Operands of arithmetic types in sub-expressions must be converted to a general type so that you can perform an operation and get the type of the resulting expression.

The process of obtaining a general type for the operands of operations and the derivation of the resulting type is called usual arithmetic conversions .

The order of the type conversion of the operands of arithmetic types in expressions is defined as follows, as described in Section 5 Expressions of the C ++ Standard:

- (10.2) If you have been converted to long double.

That is, if one of the operands is of type long double , then the second operand is cast to that type.

- (10.3) Otherwise, if any, can be converted to double.

Otherwise, if one of the operands is of type double , then the second operand must also be cast to this type.

- (10.4) Otherwise, if any, it’s converted to float.

Otherwise, if one operand is of type float , then the second operand must also be cast to this type.

- (10.5) Otherwise, it’s not necessary, but it’s not

Otherwise, integer casting is used.

- (10.5.1) If both operands are not the same type, no further conversion is needed.

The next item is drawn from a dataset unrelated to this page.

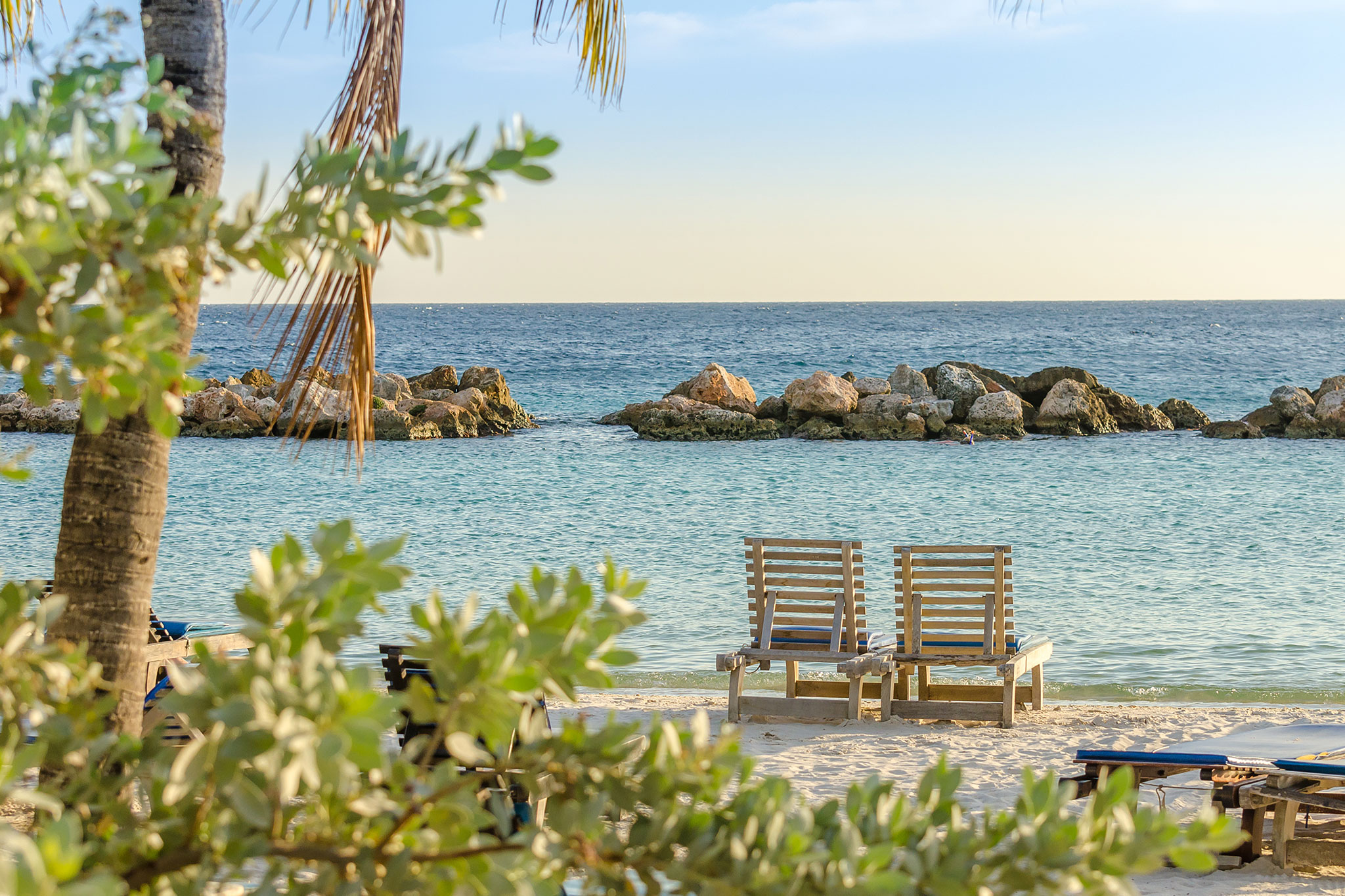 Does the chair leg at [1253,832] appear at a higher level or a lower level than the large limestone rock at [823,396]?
lower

If after this the types coincide, then no further conversions are performed.

- (10.5.2) Otherwise, if they are unsigned integer types or not, then.

Otherwise, if both operands are unsigned or signed, then an operand with a lower rank is converted to an operand type with a higher rank.

- (10.5.3) Otherwise, if you can’t have it? integer type.

Otherwise, if the operand of an unsigned integer type has a rank greater than or equal to the rank of the signed integer type of the second operand, then the second operand is converted to the unsigned integer type of the first operand.

- (10.5.4) If you type, you will be able to with signed integer type.

Otherwise, if the operand of signed integer type can represent all values ​​of the unsigned integer type of the second operand, then the second operand is converted to the type of the first operand.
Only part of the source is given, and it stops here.